The Ministry Area is following a teaching lectionary, with passages drawn from the Gospel according to St Matthew, during the Sundays of September, October and November. The readings, and the order of service as used at Holy Trinity, can be found here.

Listen to the Gospel of Christ according to Saint Matthew. Glory be to you, O Lord.

At that time: Jesus said, ‘A man had two sons; he went to the first and said, “Son, go and work in the vineyard today.” He answered, “I will not”; but later he changed his mind and went. The father went
to the second and said the same; and he answered, “I go, sir”; but
he did not go. Which of the two did the will of his father?’ They said, ‘The first.’ Jesus said to them, ‘Truly I tell you, the tax-collectors and the prostitutes are going into the kingdom of God ahead of you. For John came to you in the way
of righteousness and you did not believe him, but the tax-collectors and the prostitutes believed him; and even after you saw it, you did not change your minds and believe him.’

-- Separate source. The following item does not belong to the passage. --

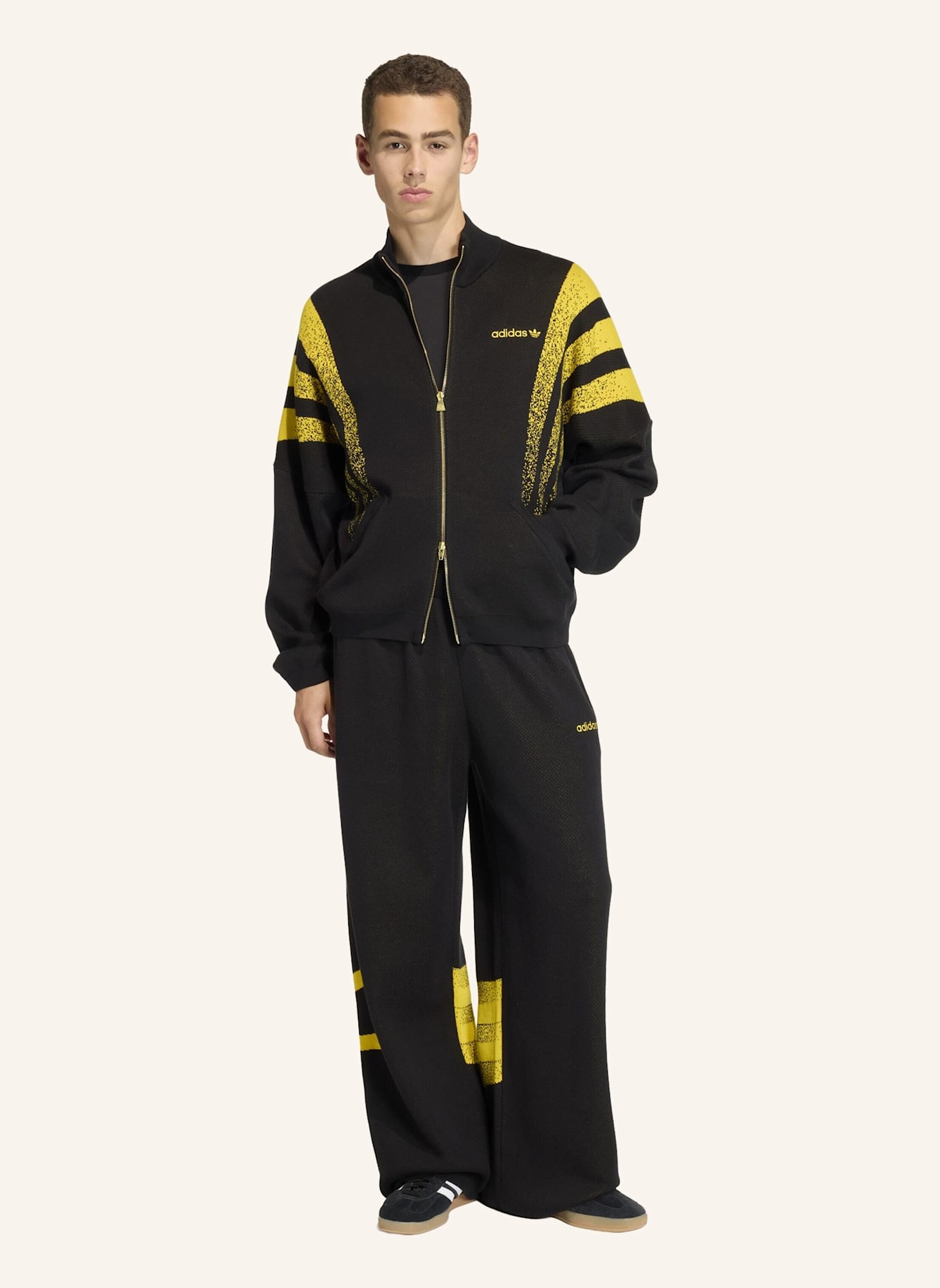 adidas Originals SANTIAGO LOOSE FULLY FASHION KNIT JACKE: SCHWARZ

This is the Gospel of the Lord.

Praise to you, O Christ.

The son answered, “I will not go and work in the vineyard,” but later he changed his mind and went.

I’m a big fan of a good medieval Doom painting.

I like to think that there used to be one on the east wall of St Tudno’s — perhaps it’s hiding there still, under the whitewash and behind the Commandment boards.

Doom paintings were, once upon a time, a common site in churches across the country. One of the best surviving examples in the UK is at St Thomas’s Church in Salisbury. There it is, magnificent above the chancel arch — painted over during the reign of Elizabeth I, uncovered in reign of Victoria, and restored only last year.

Dooms are depictions of the Last Judgement — of Christ’s return in glory to judge the quick and the dead — there, in Salisbury, he sits on a throne of rainbows, surrounded (as at his Crucifixion) by the sun and moon, his still wounded hands the icons of the salvation he promised and wrought for us. Around him, angels and the gates of heaven are welcoming the saved; the jaws of fiery hell are swallowing the damned.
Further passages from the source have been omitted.